═════ DATA SECTION ═════

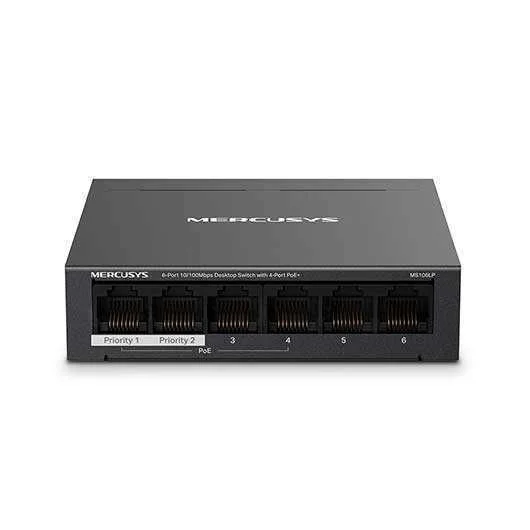 Switch de Rede Mercusys Ms106lp 6 Portas 10/100mbps Managed com 4 Portas Poe+ Desktop/Wall Mount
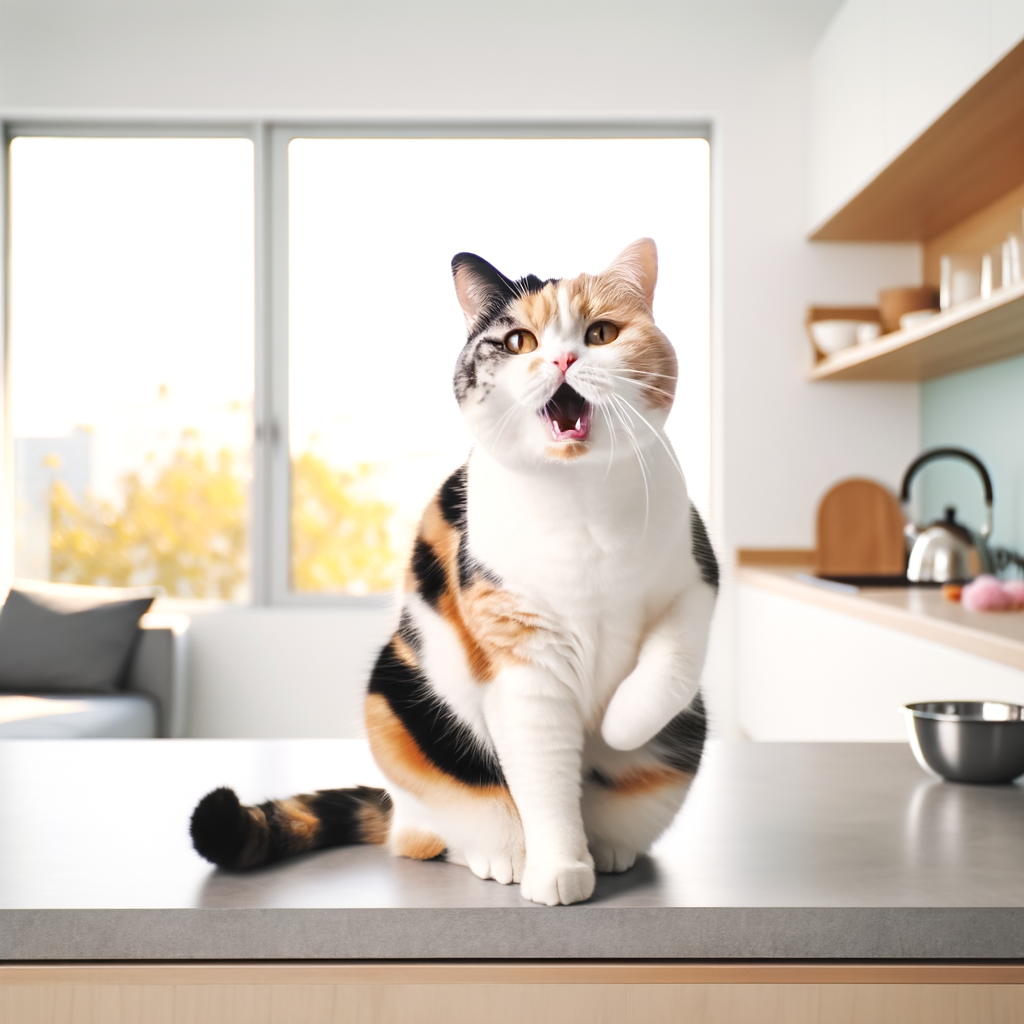 A calico cat sitting on a kitchen countertop.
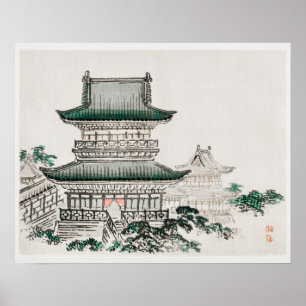 Affiche Architecture japonaise par Kōno Bairei (1844-1895)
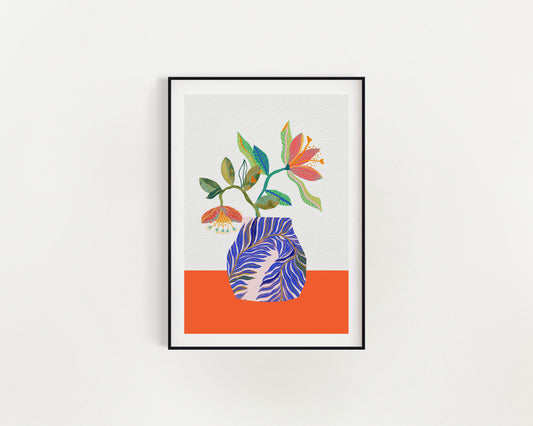 Flower Bouquet Art Print - Botanical Inspired Art, Orange and Blue Wall Art, Cubicle Decor - VIOLETREDSTUDIO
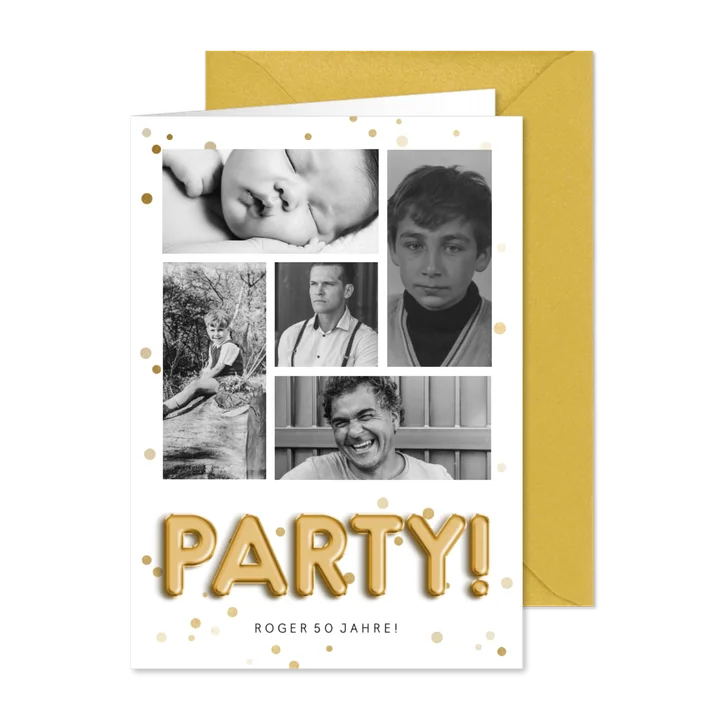 Einladung Geburtstag Fotocollage, Konfetti & Partyballons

═════

WORK REQUEST:
Set the material above down again word for word. Include none of its pictures.

SOLUTION TO THIS PROBLEM:
 Switch de Rede Mercusys Ms106lp 6 Portas 10/100mbps Managed com 4 Portas Poe+ Desktop/Wall Mount
 A calico cat sitting on a kitchen countertop.
 Affiche Architecture japonaise par Kōno Bairei (1844-1895)
 Flower Bouquet Art Print - Botanical Inspired Art, Orange and Blue Wall Art, Cubicle Decor - VIOLETREDSTUDIO
 Einladung Geburtstag Fotocollage, Konfetti & Partyballons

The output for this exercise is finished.